Francis is committed to "walking the talk" and going back to basics; no more Prada's and palaces for those who truly want to follow Jesus. This obviously doesn't play too well among the more "affluent" nations like the USA where some of the more outspoken (and obviously arrogant and narcissistic) folks like to throw money at the Church in return for redemption rather than do the "work" God assigned to them.
Francis; with God's blessing, is beginning to weed out these pesky "special" people and literally saying it's either Jesus's way or the highway.
Here's an example of what Francis has to contend with; the rational used by this Prince of the Church is breathtaking. The idea that a religious organization who's mission has been clearly set out in the Bible (Jesus) would have the role models basking in palaces like pigs in puddles is not what Jesus had in mind does not even occur to them.
In response to considerable criticism of Myers, spokesman Jim Goodness, said the addition will have “no impact” on archdiocese finances, explaining that the cost will be covered by the sale of other church-owned properties.
Instead of building schools and shelters for the poor let's sell off church assets and build a palace for the CEO! This isn't a case of a few sheep losing their way. This is the Sheppard who obviously lives in a bubble where only the 1% exist where schools and shelters don't even exist and swimming pools and home elevators take priority.

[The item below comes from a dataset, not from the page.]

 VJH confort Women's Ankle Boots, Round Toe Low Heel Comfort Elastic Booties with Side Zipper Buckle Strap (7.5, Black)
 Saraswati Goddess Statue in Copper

Catholic archdiocese closes school citing lack of funds, then builds lavish vacation home for bishop
Pope Francis has galvanized many people inside and outside the Catholic church with critiques of the destructive excesses of capitalism, and his own decision to forgo living in the Apostolic Palace at the Vatican in favor of more modest accommodations with other members of the clergy.
Such efforts, even if largely symbolic in their impact, have not been embraced by others in the Catholic hierarchy.

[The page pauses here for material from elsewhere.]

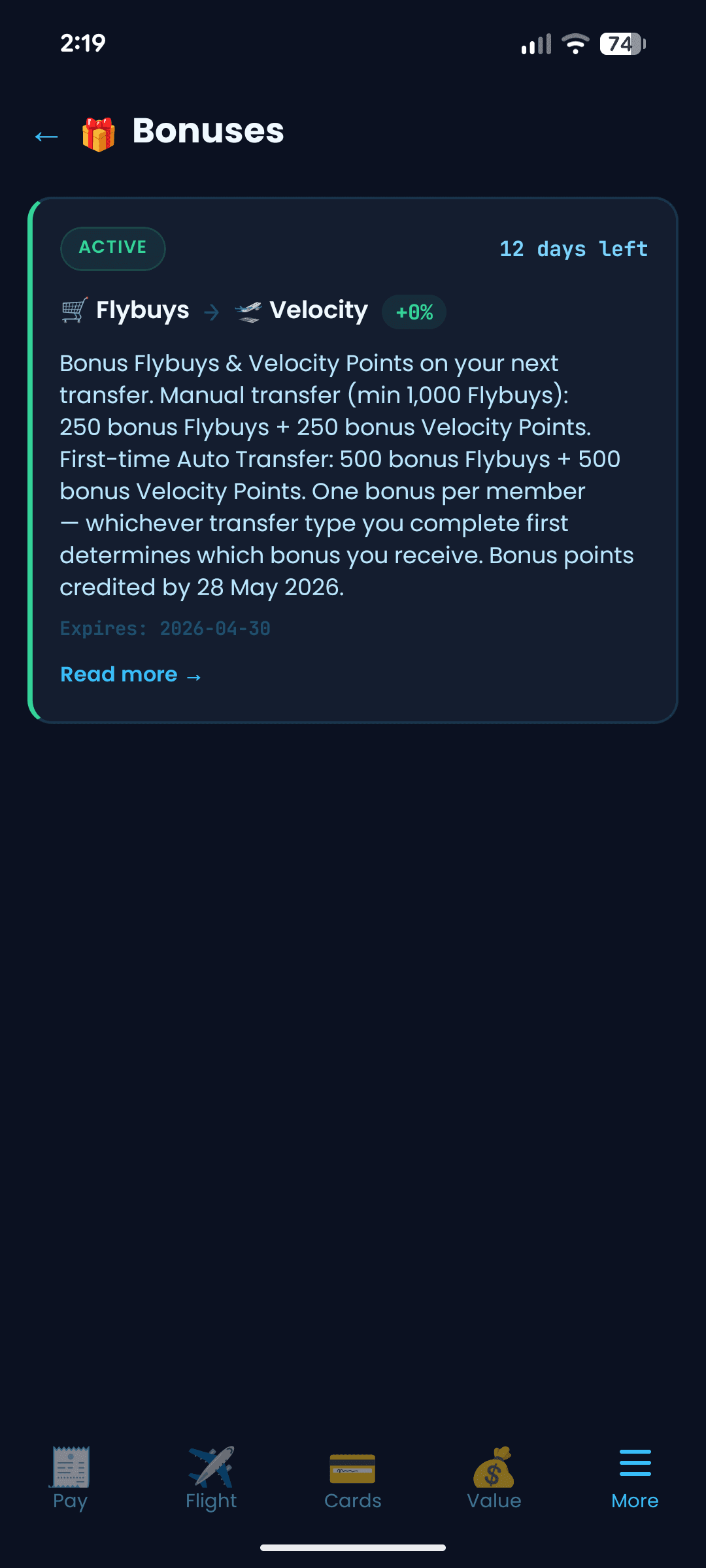 PointMate Bonuses screen showing active transfer bonus promotions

Two years after closing a school citing a lack of funds, an archdiocese in New Jersey is building a lavish addition to a retirement home for its archbishop.
As the New Jersey Star-Ledger reports, Newark Archbishop John J. Myers’ current “weekend residence” is a 4,500-square foot luxury home with five bedrooms, three full bathrooms, a three-car garage and a large outdoor pool.
But Myers has commissioned a 3,000-square foot expansion in anticipation of his retirement in two years. The addition will include an indoor exercise pool, a hot tub, three fireplaces, a library and an elevator.